**WHAT TO DO**
No picture belongs in the answer, which must hold exactly the lines from the one with "Plain Grey Double-breasted" through the final line below.
DATA EXCERPT START
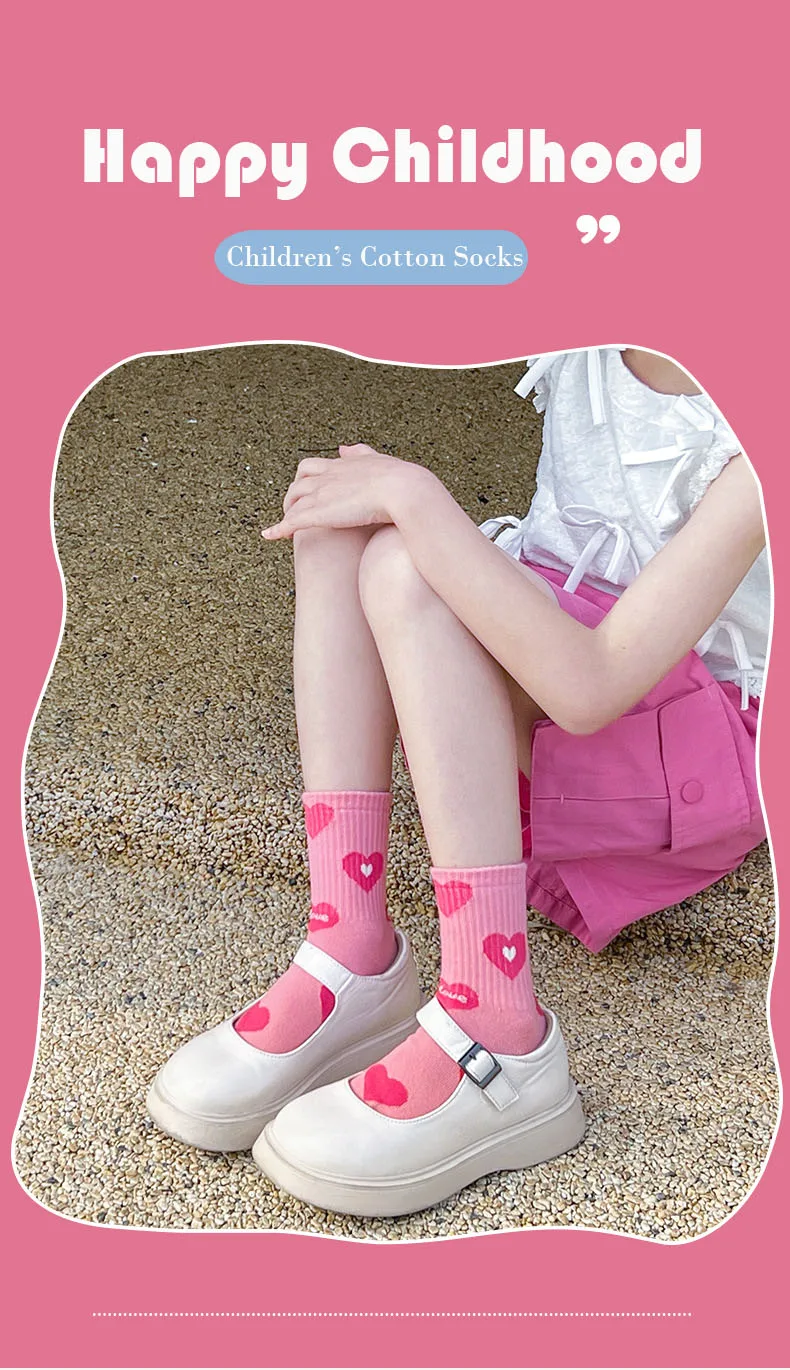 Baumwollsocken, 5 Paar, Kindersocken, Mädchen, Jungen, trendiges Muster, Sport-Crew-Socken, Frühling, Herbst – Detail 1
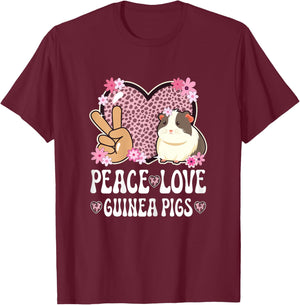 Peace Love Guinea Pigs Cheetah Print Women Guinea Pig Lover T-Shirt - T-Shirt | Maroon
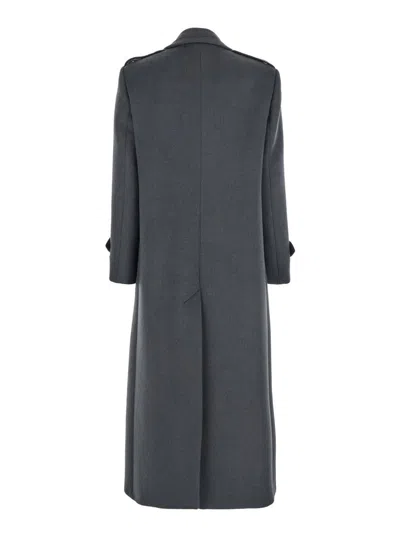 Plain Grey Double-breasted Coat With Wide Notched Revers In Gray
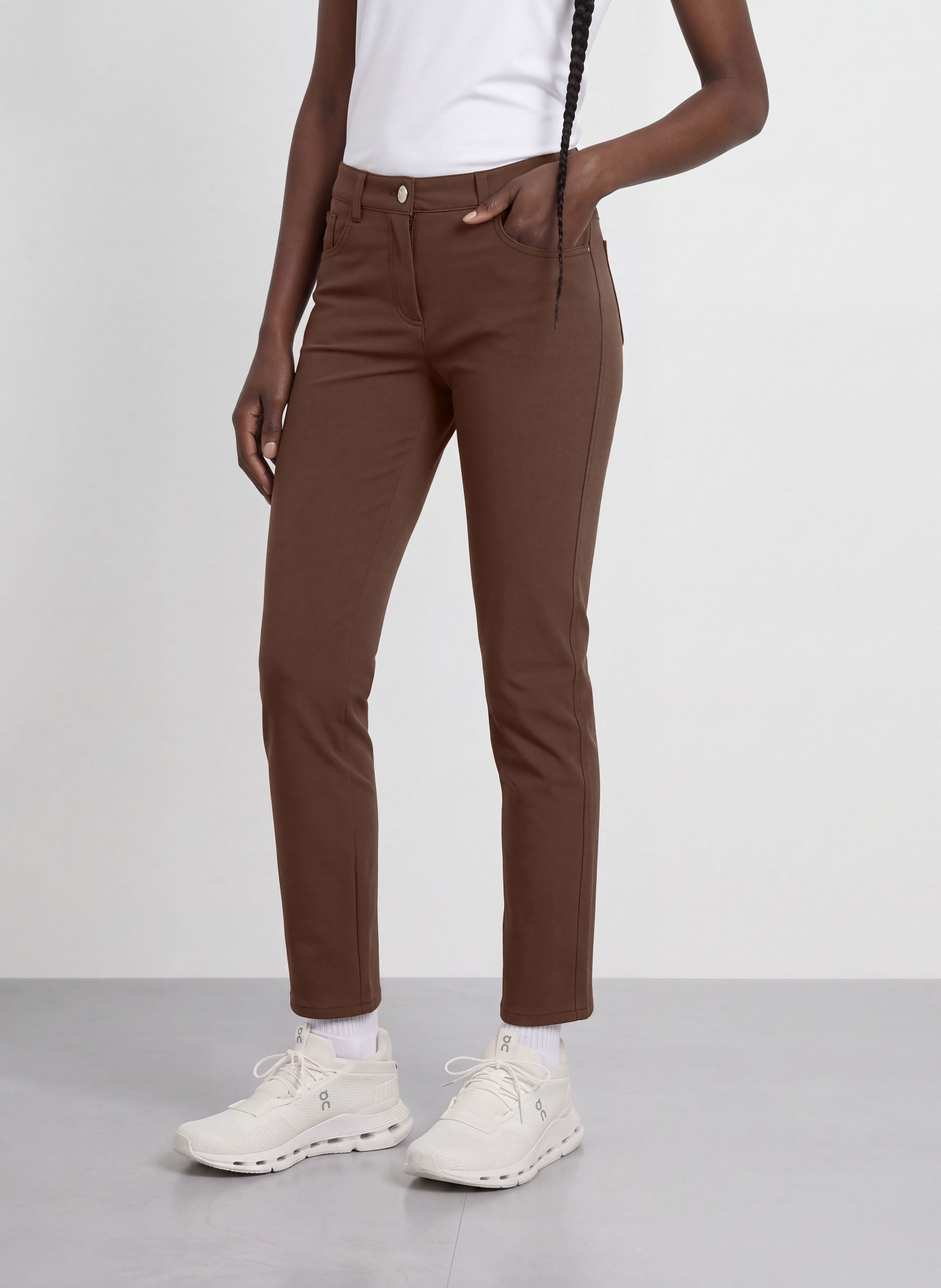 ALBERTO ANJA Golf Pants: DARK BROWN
DATA EXCERPT END
**WRITTEN REPLY**
 Plain Grey Double-breasted Coat With Wide Notched Revers In Gray
 ALBERTO ANJA Golf Pants: DARK BROWN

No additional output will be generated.